# Black Note e-liquid



## GMacDiggity (1/12/16)

Hi all, 

So I am really keen on trying some of this but can't seem to find it in stock anywhere... Does anyone know of a place that I can buy this in SA or alternatively a cost effective way of importing it?


----------



## Andre (1/12/16)

I researched their juices some time back and came to the conclusion that they are not worth the while for the price. I have imported from www.houseofliquid.com (UK) and love their El Toro Cigarillos.

Reactions: Like 1


----------



## GMacDiggity (1/12/16)

@Andre Thanks for the response! Ya I was wondering if they would be worth the cost or not. May try a few other local tobacco juices and see if they float my boat! Don't feel like wasting cash on something that isn't worth the while! 

The el Toro stuff does look pretty phenomenal! May well look into a bit of that, seems like a much more reasonable price! Thanks for the advice on that!

Reactions: Like 1


----------



## Andre (1/12/16)

GMacDiggity said:


> @Andre Thanks for the response! Ya I was wondering if they would be worth the cost or not. May try a few other local tobacco juices and see if they float my boat! Don't feel like wasting cash on something that isn't worth the while!
> 
> The el Toro stuff does look pretty phenomenal! May well look into a bit of that, seems like a much more reasonable price! Thanks for the advice on that!


For tobaccos DIY is the way to go imho.

Reactions: Like 1


----------



## GMacDiggity (1/12/16)

Andre said:


> For tobaccos DIY is the way to go imho.

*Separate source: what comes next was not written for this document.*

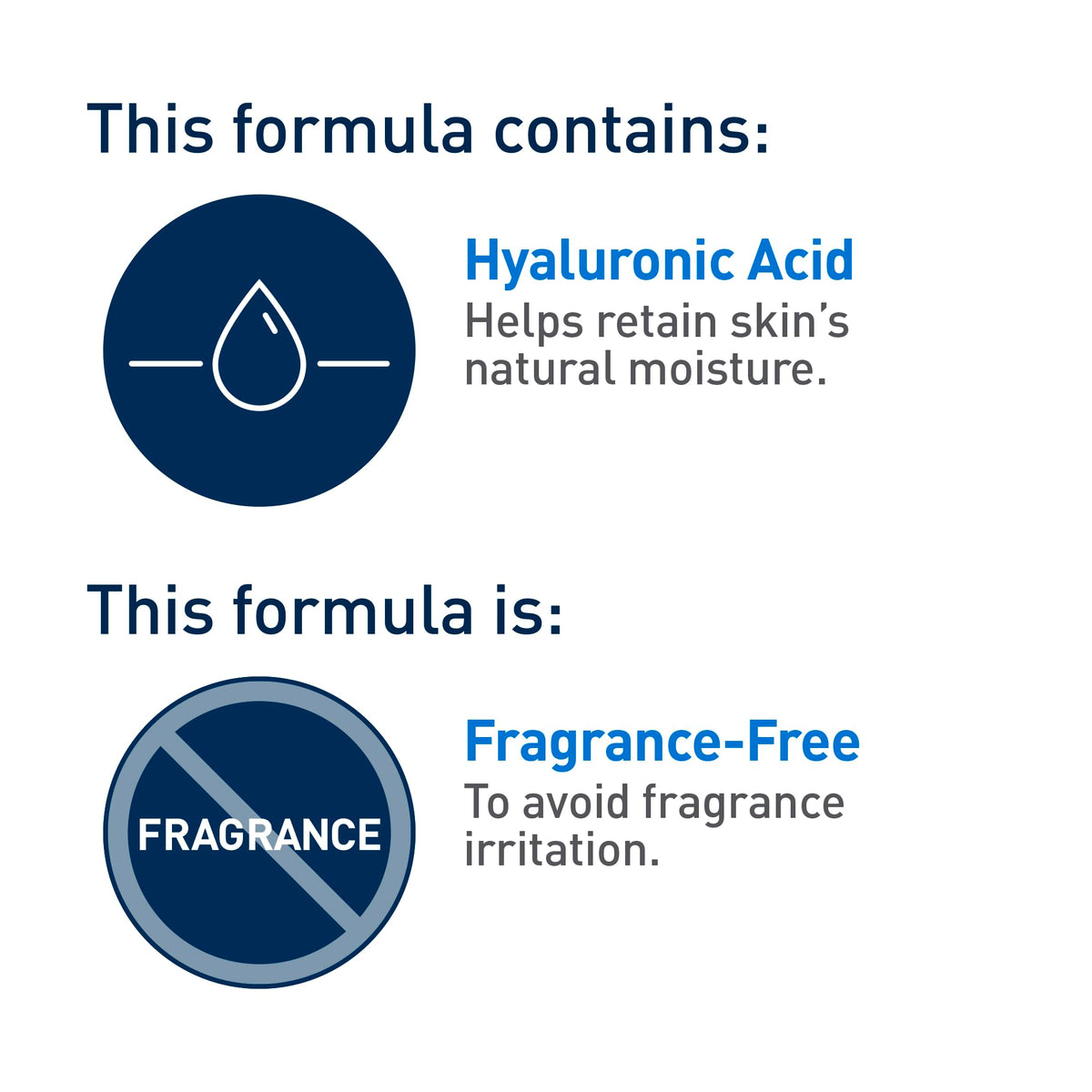 CeraVe Itchy Skin Relief Moisturizing Lotion. For Dry & Eczema-prone skin. Anti-itch cream for minor skin irritations, sunburn relief, insect bug bites & scrapes, 1% Pramoxine. Fragrance Free, 237ML 🍁 All In One Marketplace Canada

Ya I was thinking about it but my latest forays into DIY have been less than splendid so I have taken a bit of a break from it. Also just really like the idea of it being NET rather than a chemical concoction. Not that it's necessarily better to be NET. Just sounds as if it may be healthier in the long run. Going to take a look on the Tobacco thread and see if anything sounds particularly outstanding

Reactions: Like 1


----------